Date: |
05-06-2010 |
Subject: |
Govt must tax sugar, rice exports: Adviser |
The government needs to discourage exports of water guzzlers like sugar and rice through an "environmental tax," to conserve the scarce natural resources for other crops, a senior policy adviser said on Friday.
India has doubled spending on water resources to USD 50 billion in the five years to March 2012, but irrigation remains a major challenge with depleting ground water levels.

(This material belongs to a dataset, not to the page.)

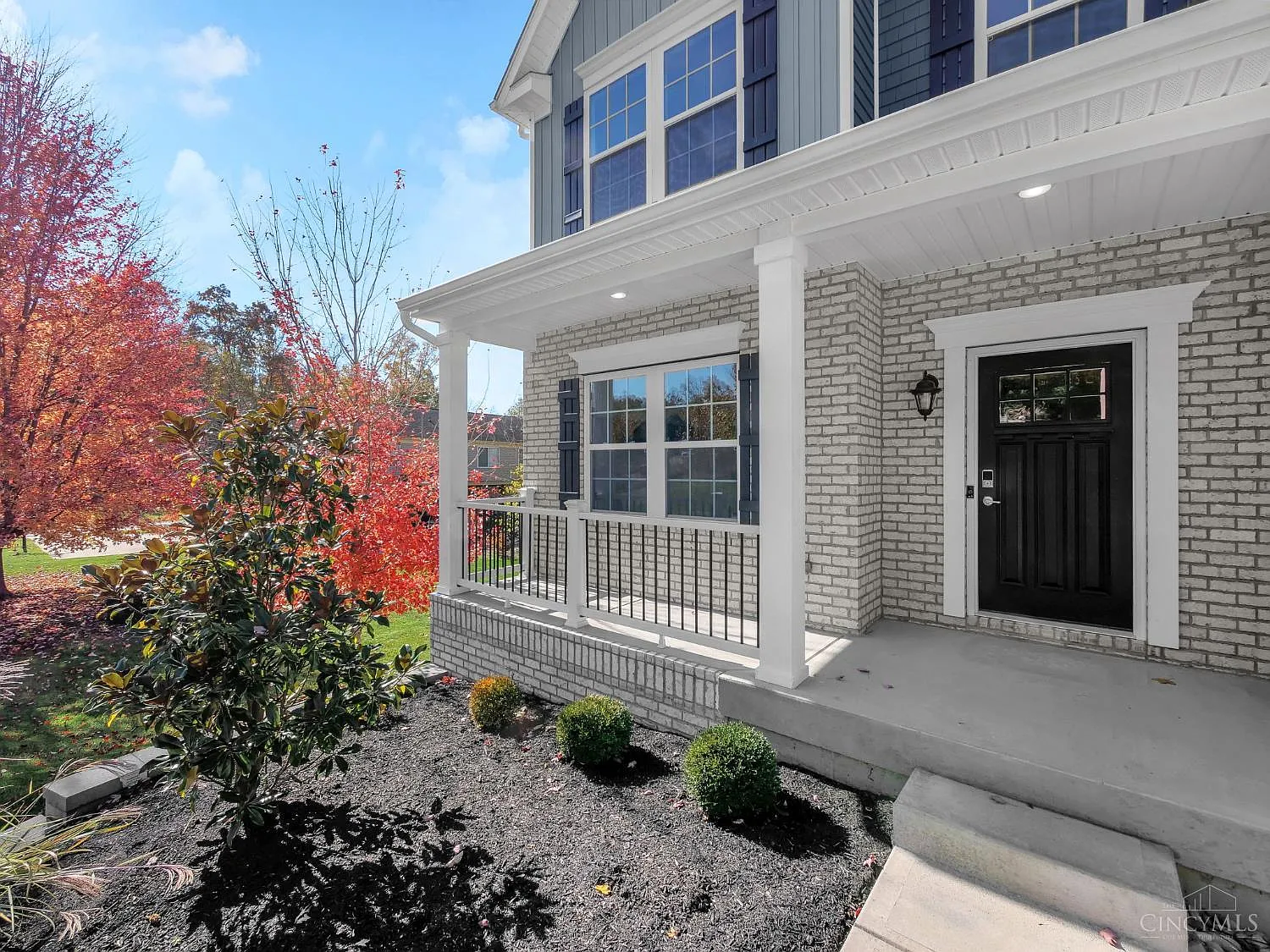 4 bed, 4108 sqft, $4,200 — Photo 4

Farm output is still largely reliant on the June-September monsoon rains.
"We should not be actually exporting the thing too much, simply because that is equivalent to exporting water . An environmental tax on exports would actually save water," Abhijit Sen, the member in charge of agriculture in India's Planning Commission, told Reuters in an interview.
"Rice and sugar are hugely water intensive crops, and if we actually start pushing those crops out, it will be at the cost of production of everything else."
India currently forbids the export of most varities of rice and of wheat to help tame high domestic food inflation. There have been calls to review these bans.
Sen said they could be removed if the monsoons were were normal, as predicted by the weather office.
But traders should not expect subsidies, often granted by the government to make up for the difference between high domestic prices and low global prices, he said.
"There is no case to subsidise any exports, it should be entirely market driven."